Perspective on filler words

Fast Company updates the use of filler words. First, a look back:

Back in journalism school, I had a Pulitzer Prize-winning professor who impressed upon his students the most critical of points: “Punctuating your speech with like is a guarantee for unemployment.”


Clearly, if we’re going to get some proper insight into the English language, we should turn to the BBC. Turns out that using like is this, like, linguistic-generational thing. First of all, everybody uses fillers–whether um, like, or uh–because we can’t, as Oxford Dictionary of Modern Slang editor John Ayto says, keep up “highly monitored, highly grammatical language” all the time.

“It is not a lazy use of language–that is a common fallacy among nonlinguists,” he says. “We have always used words to plug gaps or make sentences run smoothly. They probably did in Anglo-Saxon times; it’s nothing new.”

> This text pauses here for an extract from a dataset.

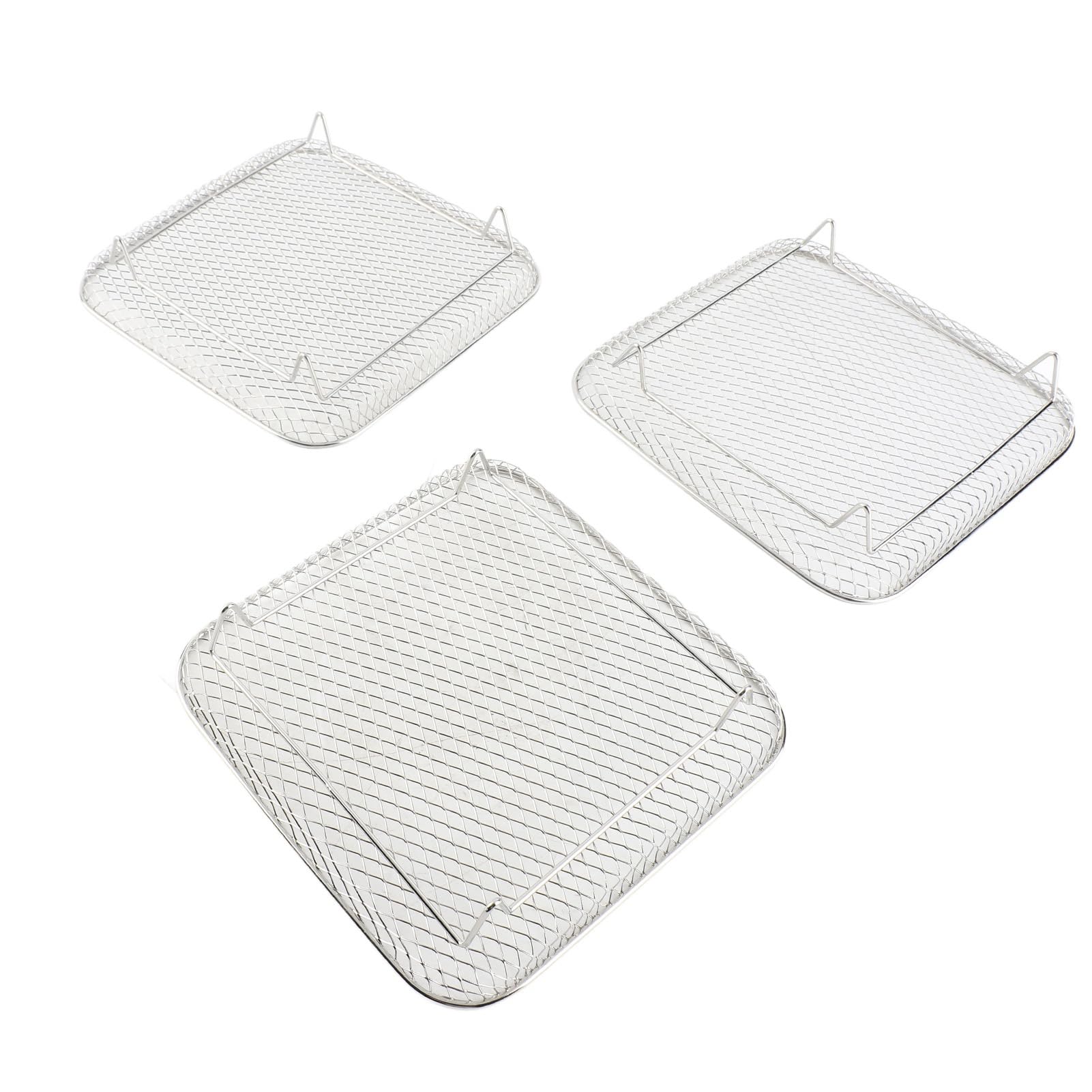Support de friteuse carré à 3 Couches, Lavable au Lave-Vaisselle, Accessoire de Grille de Cuisson en Acier Inoxydable SUS304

What to keep in mind the next time you’re the ah counter:

Just because people have been using filler words since Beowulf was smiting all your best friends doesn’t mean that filler is a fine thing. Sara McCord, the Daily Muse writer, says that she kicked her like habit by paying better attention to her words, and not needing to, like, lean on the linguistic lard of like or um. So one solution, then, is to pay closer to attention to your words before you speak them–which is something we can all be a little more mindful of.